When you take a whole week off to garden it can't be go-go-go all week long. At some point, the gardener rests. I took advantage of the rain today to slow down and "sit a spell".

Early in the morning I did some general weeding and pruning. Finally, I cut back the butterfly bushes (Buddleia davidii), which around here die back to the ground each year, and I trimmed off all the suckers that come up around the base of the serviceberry (Amelanchier x grandiflora). Serviceberry is one of those trees you can grow as a single trunk tree, like I am doing, or you can grow it as a multiple trunk tree, which is more common around here. Anyway, as a single trunk tree it gets a lot of sprouts around the base that I have to cut back regularly.

And while it rained? I rested some and then potted up my Delphinium seedlings. I'm growing two varieties, Delphinium elatum 'Foeresters Hybrid' and Delphinium x cultorum, both from Hardy Plants. I don't remember ordering the second variety, so maybe they threw it in as a bonus packet? I currently have 13 seedlings of 'Foeresters Hybrid' and 5 of the other. So for less than $5, I could end up with the 18 Delphiniums. Let's hope the little seedlings make it through these next few weeks and grow big enough to plant out in one of the flower beds!
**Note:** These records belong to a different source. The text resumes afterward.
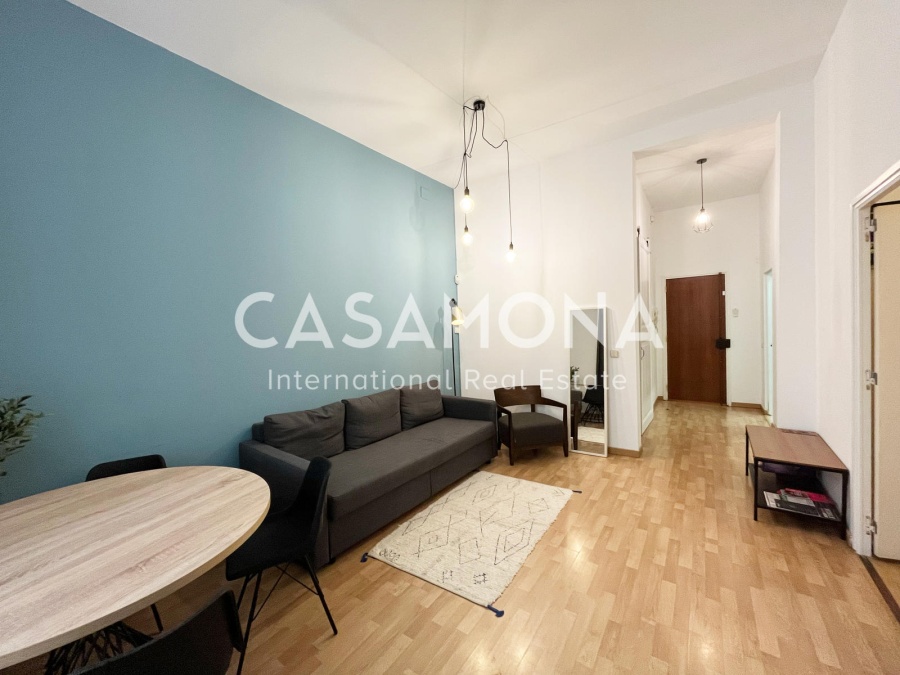 Pis Bright i Modern de 2 Habitacions amb Terrassa Privada al Centre del Barri Gòtic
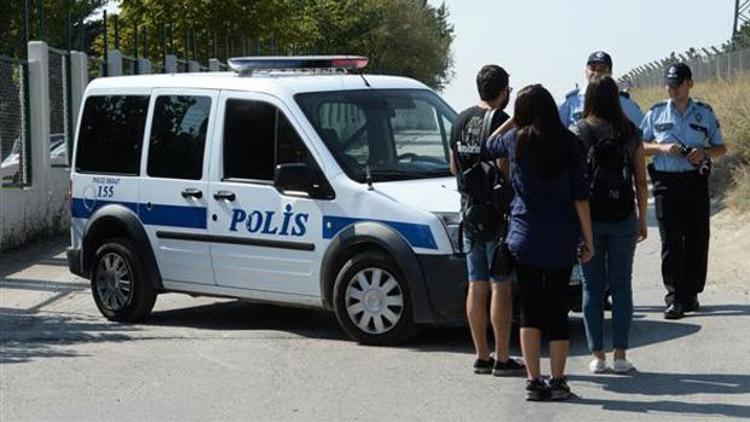 Ankarada bir polis aracında ölü bulundu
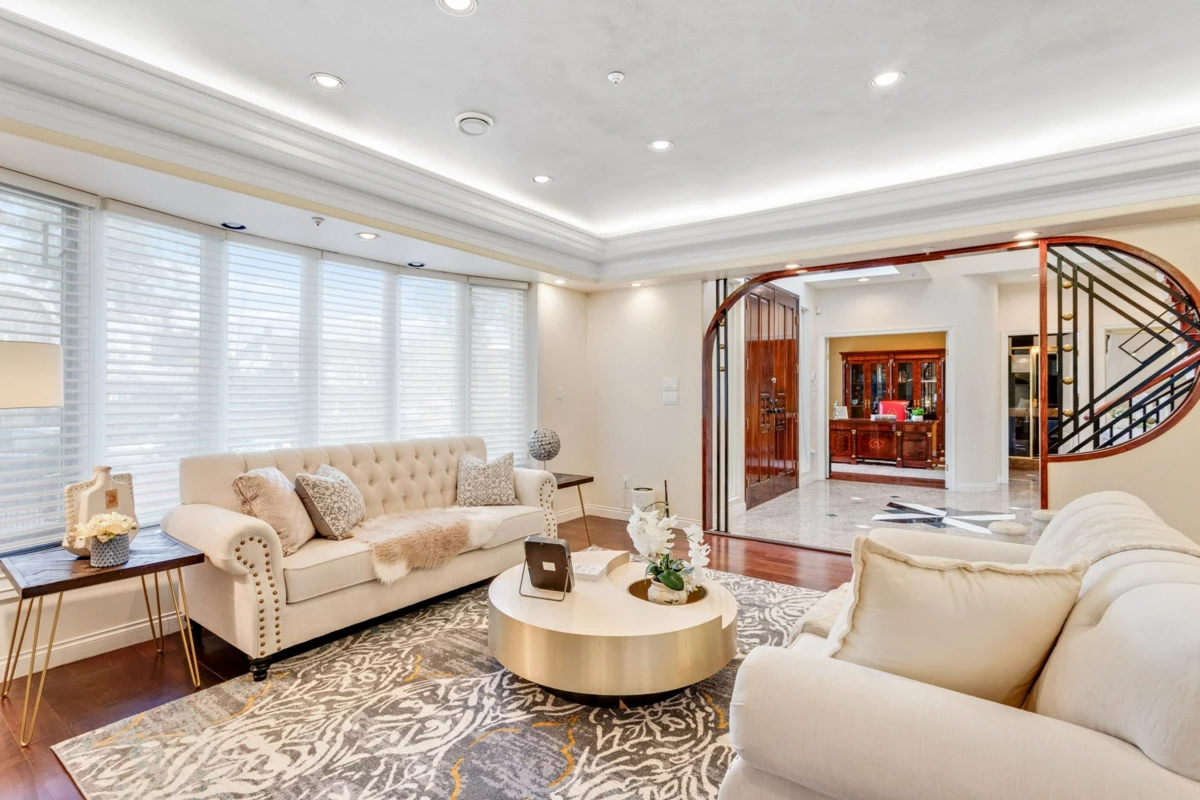 Kitchen Island Photo of 1088 W 42nd Avenue, Vancouver, BC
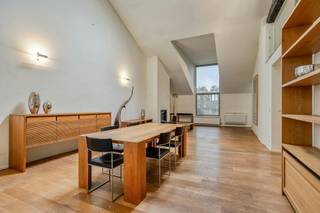 Dit stijlvolle duplex dakappartement bevindt zich in een kleinschalig gebouw aan de Charleroisesteenweg 25 in Sint-Gillis. Dankzij de topligging, vlak bij de Louizalaan, de Zavel en de bruisende Kasteleinwijk, geniet u van een ruim aanbod aan winkels, restaurants, cafés en openbaar vervoer.<br /><br />Het appartement is gelegen op de 3de en 4de verdieping en biedt een bewoonbare oppervlakte van 160 m². Het zonnige, westgericht terras van 15 m² met groen uitzicht vormt een echte troef.<br /><br />De indeling van het appartmeent is als volgt: <br />op de 3de verdieping;<br />- ruime inkomhal met apart toilet en aansluitingen voor was- en droogmachine<br />- lichtrijke leefruimte met hoge plafonds, haardcassette en open designkeuken<br />- volledig ingerichte design-keuken met keukeneiland, vaatwasmachine, ingebouwde koelkast, aparte diepvriezer, ingebouwde oven en microgolfoven<br />- toegang tot het westgerichte terras van 15 m², voorzien van waterrecuperatie<br />- bureauruimte op de overloop<br />- ruime slaapkamer met aansluitende badkamer uitgerust met ligbad, dubbele wastafel en tweede toilet<br /><br />op de 4de verdieping;<br />- mezzanine met tweede slaapkamer, uitkijkend over de woonkamer<br />- ensuite badkamer met douche en wastafel<br /><br />Mogelijkheid tot aankopen van staanplaats aan 30.000 EUR, niet inbegrepen in de prijs.<br /><br />Extra troeven;<br />- privatieve kelder met veiligheidsdeur<br />- zonnewering, airconditioning en alarmsysteem<br />- EPC D+ (168 kWh/m²/jaar), conform de Brusselse energiedoelstelling voor 2033.<br /><br />Wenst u dit appartement graag te bezichtigen? doe een aanvraag via www.dewaele.com of neem contact met Danielle Kaluza 0491 27 21 88.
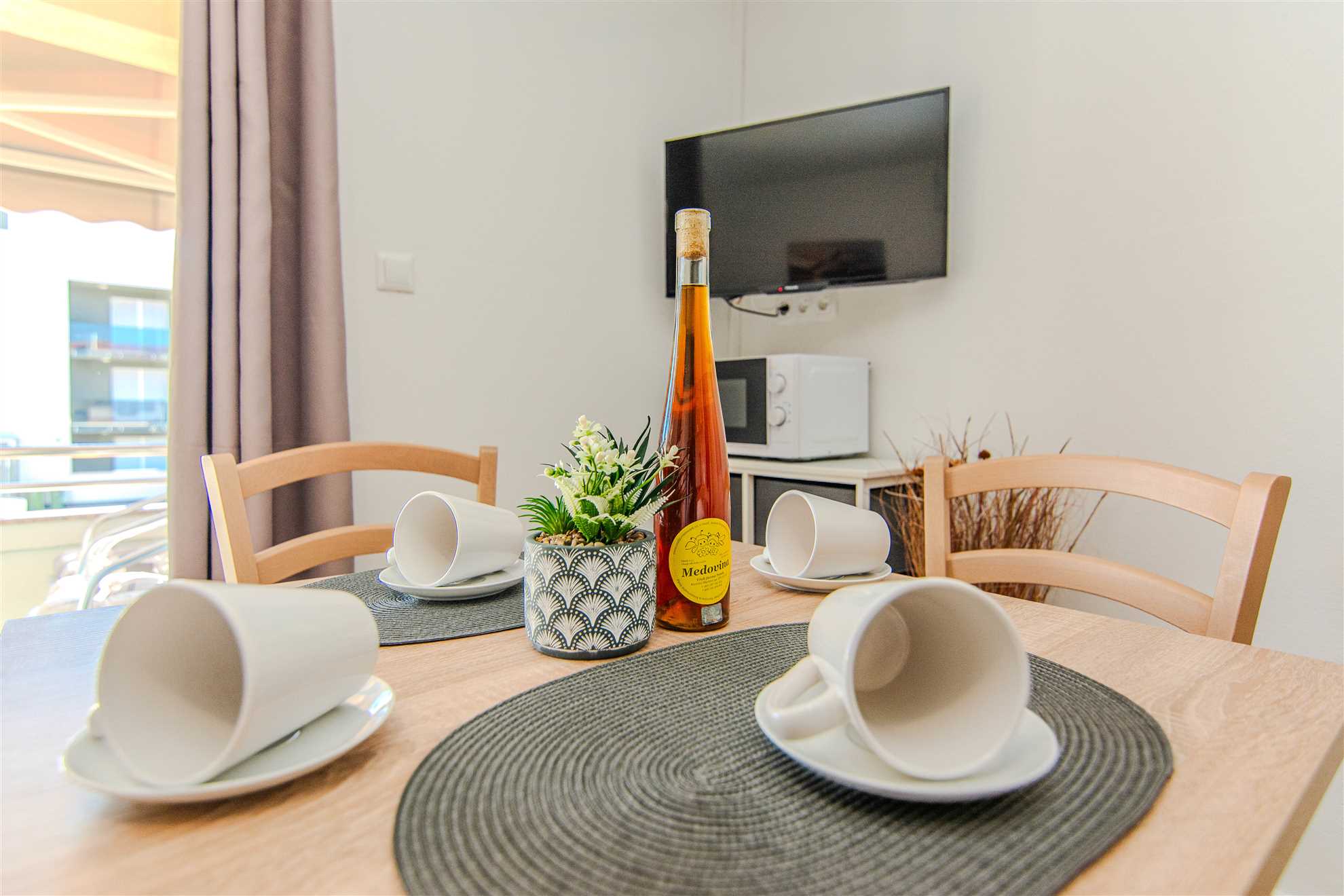 Apartment in a quiet area | 120 m from beach | For 2-3 persons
I had another project in mind to do after messing around with the seedlings and tending to the houseplants, if it was still raining, but the rain stopped after a few hours, and I started working on planting the containers on the front porch. I didn't get too far because it was afternoon and I'm more of a morning person. Good excuse, huh?

I wonder if most gardeners are morning people? Especially in climates where it gets hot in the summer, which is nearly everywhere, when else would you get anything done in the garden except in the morning? And morning is the best time to harvest vegetables, before the sun beats down on them and sucks all the moisture out!

Speaking of the vegetable garden, some may wonder why I've not written about it this week. That's because it isn't the focus of this week! This week is about flowers and container planting, and weeding and getting out all the rest of the garden decor. I've already scheduled a four day weekend off starting next Thursday, and that's when I'll work on the vegetable garden.

Yes, this week is about the flowers. I'm sure most of you recognize that the picture above is of a lilac, in particular the buds of a 'Miss Kim' lilac as they were yesterday. Today they've opened just a little bit more and the smell is wonderful. Whenever I walk by the lilacs, I naturally slow down and linger a bit to enjoy the scent. Every garden needs at least one lilac!


  1. Carol: It sounds as though you accomplished quite a bit in spite of the rain! Sometimes it is a blessing especially when the back starts to go. You are right about lilacs. Even though they bloom such a short time their fragrance lingers in the memory. I have the regulars but have been thinking of planting a 'Beauty of Moscow'. It is light pink with a large flower. Maybe this year!

  2. Thank you for the lovely photo of your 'Miss Kim' lilac.

    I love lilacs. But since allergies have come upon both of us here, we can't have them anymore. -sighhhhhhh- I make-do by using Lilac scent, all year round. That does not bother our allergies! :-)


  3. Carol — A month or two ago you northern gardeners were envying us down south whose gardens started blooming early (and who avoided the late snows). Now I'm envying you all your peonies and lilacs. I've never lived anywhere where either of those plants thrive (or even grow) but they loom large in my garden fantasies. Thanks for sharing the picture and I'll keep a good thought for clear skies during the rest of your gardening vacation (okay, maybe with a few showers to give you a break and to water all those newly planted pots and plants).

    — Susan from South of the River

  4. Lilacs are my favorite smell in the whole world. I wish there was a way to capture the scent and keep it year round, but unfortunately I've never found a candle or a spray that was as near to heaven as the real thing. Carol, is there a lilac variety that blooms all summer?

  5. Hey Carol: next year experiment and just let the buddleias come back on old wood. Mine always do, though sometimes it takes awhile (especially with the late snows we had here). Just a thought. Mine are really leafed out all the way to their tips (3.5' branches).